# What is being asked:
Write out the line with "Type-C مزدوج ⚡️" and each line after it to the end of the material, exactly as they appear and with nothing else.

● ● ● ●

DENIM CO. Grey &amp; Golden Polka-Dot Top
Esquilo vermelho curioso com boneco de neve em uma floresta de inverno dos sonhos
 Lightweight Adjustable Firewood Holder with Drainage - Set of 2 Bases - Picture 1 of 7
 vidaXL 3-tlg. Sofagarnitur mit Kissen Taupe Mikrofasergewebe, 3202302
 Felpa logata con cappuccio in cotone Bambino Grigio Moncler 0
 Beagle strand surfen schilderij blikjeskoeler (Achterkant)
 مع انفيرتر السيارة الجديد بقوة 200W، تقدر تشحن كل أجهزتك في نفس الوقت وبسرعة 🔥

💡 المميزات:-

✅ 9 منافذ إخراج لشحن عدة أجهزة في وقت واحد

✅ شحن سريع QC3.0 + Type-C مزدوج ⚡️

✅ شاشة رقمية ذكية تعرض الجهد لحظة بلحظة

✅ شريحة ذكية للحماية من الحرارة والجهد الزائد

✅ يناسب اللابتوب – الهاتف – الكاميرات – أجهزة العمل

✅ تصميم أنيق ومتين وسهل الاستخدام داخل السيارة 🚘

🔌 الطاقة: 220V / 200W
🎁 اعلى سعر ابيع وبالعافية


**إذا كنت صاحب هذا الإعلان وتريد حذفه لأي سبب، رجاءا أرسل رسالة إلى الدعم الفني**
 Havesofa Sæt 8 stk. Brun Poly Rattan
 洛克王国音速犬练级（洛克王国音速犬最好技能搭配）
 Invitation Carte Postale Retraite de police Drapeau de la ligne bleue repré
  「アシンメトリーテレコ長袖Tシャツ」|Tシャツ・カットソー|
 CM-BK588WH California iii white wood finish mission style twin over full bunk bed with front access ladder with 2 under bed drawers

● ● ● ●

# Task response:
✅ شحن سريع QC3.0 + Type-C مزدوج ⚡️

✅ شاشة رقمية ذكية تعرض الجهد لحظة بلحظة

✅ شريحة ذكية للحماية من الحرارة والجهد الزائد

✅ يناسب اللابتوب – الهاتف – الكاميرات – أجهزة العمل

✅ تصميم أنيق ومتين وسهل الاستخدام داخل السيارة 🚘

🔌 الطاقة: 220V / 200W
🎁 اعلى سعر ابيع وبالعافية


**إذا كنت صاحب هذا الإعلان وتريد حذفه لأي سبب، رجاءا أرسل رسالة إلى الدعم الفني**
 Havesofa Sæt 8 stk. Brun Poly Rattan
 洛克王国音速犬练级（洛克王国音速犬最好技能搭配）
 Invitation Carte Postale Retraite de police Drapeau de la ligne bleue repré
  「アシンメトリーテレコ長袖Tシャツ」|Tシャツ・カットソー|
 CM-BK588WH California iii white wood finish mission style twin over full bunk bed with front access ladder with 2 under bed drawers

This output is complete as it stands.